Innanzitutto le imprese che intendono fare affari con l’estero devono conoscere le procedure autorizzative per l’immissione degli integratori alimentari nei mercati degli altri Stati Membri dell’Unione Europea. Gli integratori alimentari, infatti, secondo la definizione contenuta nella direttiva europea 2002/46/CE, sono posizionati all’interno della più ampia categoria degli alimenti. Tale assoggettamento comporta che gli integratori siano prodotti e commercializzati nel rispetto della rigorosa e ben strutturata normativa del diritto alimentare. Un esempio è quello della normativa inerente l’etichettatura dei prodotti, che secondo le disposizioni comunitarie, deve contenere molte e specifiche informazioni nella lingua che sia più facilmente comprensibile ai consumatori dei Paesi nei quali il prodotto sarà immesso. Inoltre, i produttori e i distributori sono destinatari delle previsioni del Regolamento CE 178/2002 per l’attuazione di un protocollo di tracciabilità dei prodotti, che permetta di individuare immediatamente e puntualmente i fornitori e i clienti o comunque i referenti dei passaggi successivi alla produzione o distribuzione.

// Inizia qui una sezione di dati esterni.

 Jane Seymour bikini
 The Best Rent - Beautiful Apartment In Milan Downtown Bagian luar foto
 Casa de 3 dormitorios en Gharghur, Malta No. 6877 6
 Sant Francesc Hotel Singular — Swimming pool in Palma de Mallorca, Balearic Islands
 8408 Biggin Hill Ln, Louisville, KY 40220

Le imprese possono poi andare incontro a fenomeni di contraffazione e per questa ragione devono conoscere gli strumenti che esistono per evitare e contrastare ogni forma di contraffazione dei propri prodotti e delle proprietà industriali sottostanti. Può essere utile dotarsi di adeguati sistemi di protezione del proprio know-how, mediante deposito e registrazione di adeguata domanda presso le istituzioni competenti. Ma ci si può tutelare anche attraverso la stipula di accordi di contratti di licenza d’uso del marchio, oppure tramite l’inserimento negli accordi commerciali di clausole di licenza d’uso limitata con sanzioni in forma di penale per violazioni dell’obbligo. Nei casi in cui invece le imprese debbano tutelarsi a contraffazione avvenuta, esistono tutta una serie di azioni sia di natura penale che civile che tutelano le imprese ex post.

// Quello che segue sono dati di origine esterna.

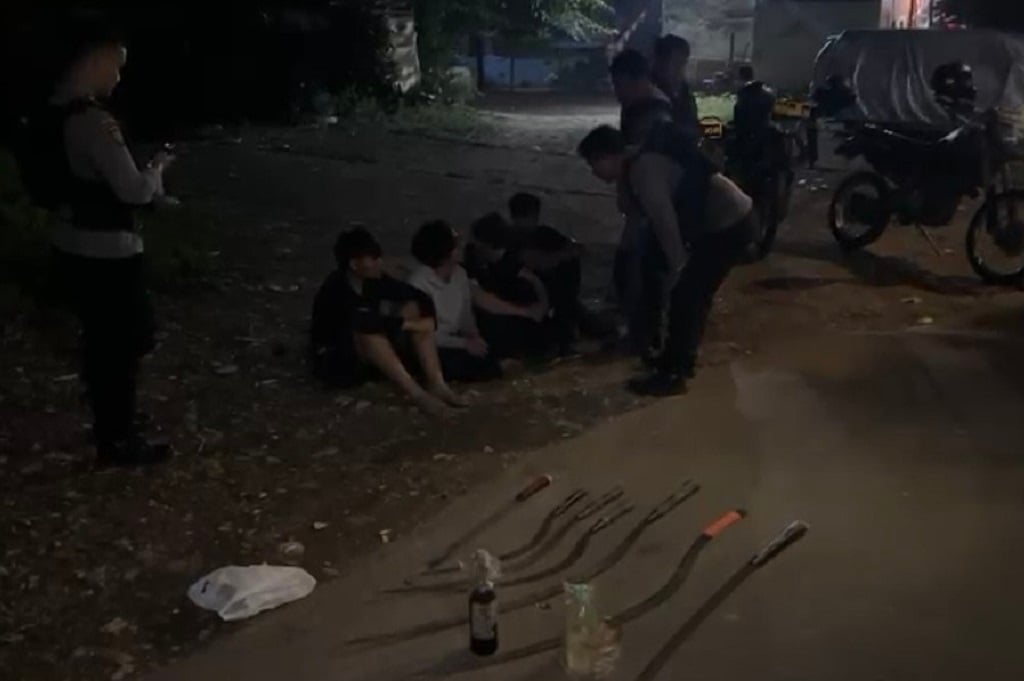 Gagal Tawuran, 4 Pemuda Bawa Sajam Ditangkap di Kemang Jaksel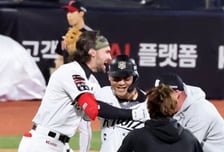 [포토]'이 형 참 대단하네!' 10회말 끝내기 장성우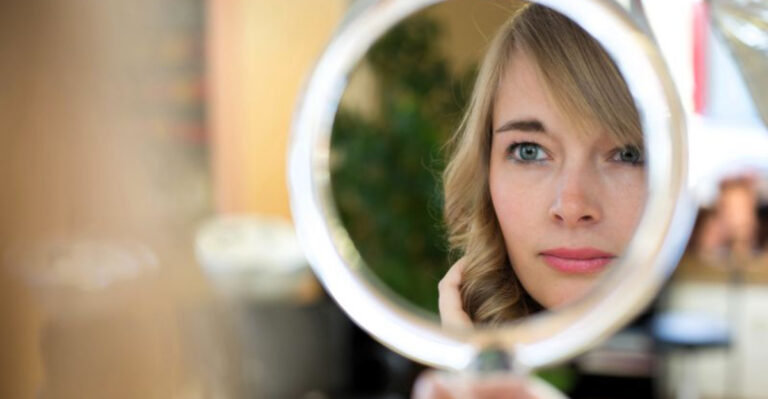 16 Small Habits That Show You’re Not Giving Yourself Enough Love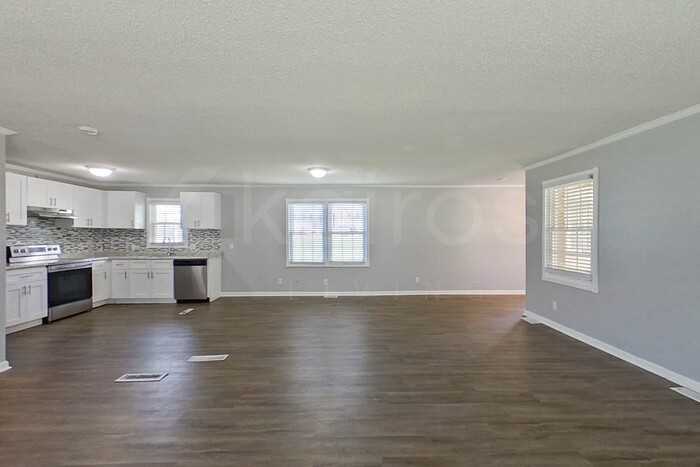 8 Outter Dr - Photo 4 of 21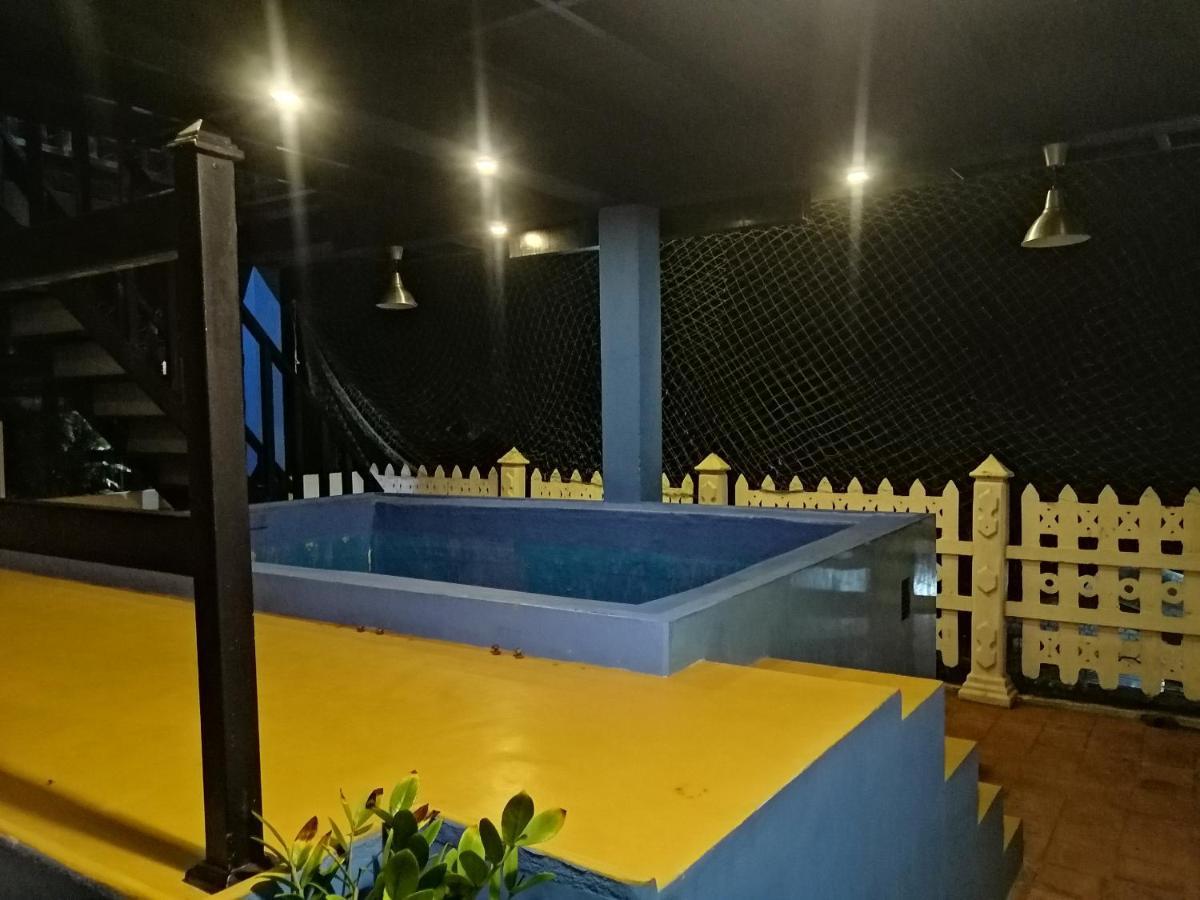 Le Petit Hotel & Restaurant Негомбо Екстер'єр фото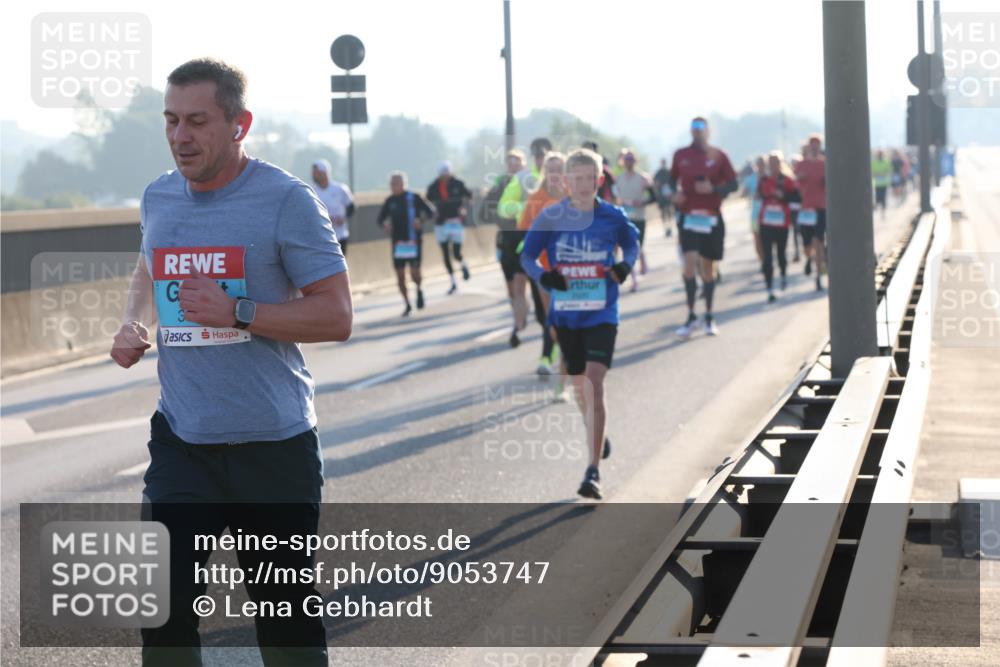 03.10.2025 - Köhlbrandbrückenlauf Lena Gebhardt http://msf.ph/oto/9053747 03.10.2025 09:16:14 Position 1  meine-sportfotos.de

Altra materia che le imprese che si affacciano sul mondo del commercio internazionale devono conoscere, è quella dei principi di contrattualistica internazionale. Un accordo di natura internazionale, infatti, può essere concluso sia attraverso veri e propri documenti sottoscritti fra le parti che attraverso uno scambio di ordini approvati o di semplici email. In ogni caso, è importante prestare molta attenzione ai documenti che regolano le transazioni che hanno ad oggetto lo specifico prodotto degli integratori alimentari. Ad esempio, può essere sempre molto utile inserire nell’accordo, qualunque sia la sua forma, delle clausole di salvaguardia, quali la c.d. Hardship clause che interviene nel momento in cui una situazione sopravvenuta o sconosciuta al momento della chiusura dell’accordo alteri l’equilibrio del rapporto rendendo una prestazione particolarmente onerosa rispetto alle altre; la clausola di forza maggiore, che scatta nel momento in cui un evento imprevedibile renda una delle prestazioni del tutto impossibile ad eseguirsi; le clausole di richiamo del prodotto in caso di recall volontario o d’imperio e le clausole sospensive, in ipotesi di attesa dell’esito di procedure autorizzative. Va inoltre prestata attenzione a tutta quella parte del contratto che afferisce l’eventuale fase di contenzioso che un domani potrebbe sorgere. Per le imprese è inoltre prezioso conoscere le tipologie di specifici contratti che nella prassi commerciale trovano con più frequenza spazio di applicazione, quali il contratto di agenzia, il contratto di distribuzione, il contratto di procacciamento di affari ma anche la distribuzione e la vendita tramite l’e-commerce.
Infine, le imprese che intrattengono rapporti commerciali con l’estero, devono conoscere le regole della classificazione degli integratori alimentari a livello globale. Una corretta procedura di classificazione dei prodotti, infatti, oltre a porre al riparo l’azienda da possibili rischi connessi ai profili sanzionatori ravvisabili in una non corretta gestione dei prodotti sotto il profilo doganale, permette di accertarne l’origine sotto l’aspetto della preferenzialità e della non preferenzialità. Il concetto di origine è centrale non soltanto per ciò che riguarda l’iter doganale ma anche per la tutela dei consumatori, che hanno il diritto e l’esigenza di capire il luogo di effettiva produzione di una merce. Nello specifico, l’origine preferenziale consente alle imprese di beneficiare di dazi ridotti quando il prodotto viene esportato verso Paesi che abbiano con l’Ue accordi di libero scambio in vigore. L’origine non preferenziale, invece, è concettualmente sovrapponibile al “made in”: il luogo di produzione del bene o il luogo dove lo stesso ha subito l’ultima sostanziale trasformazione.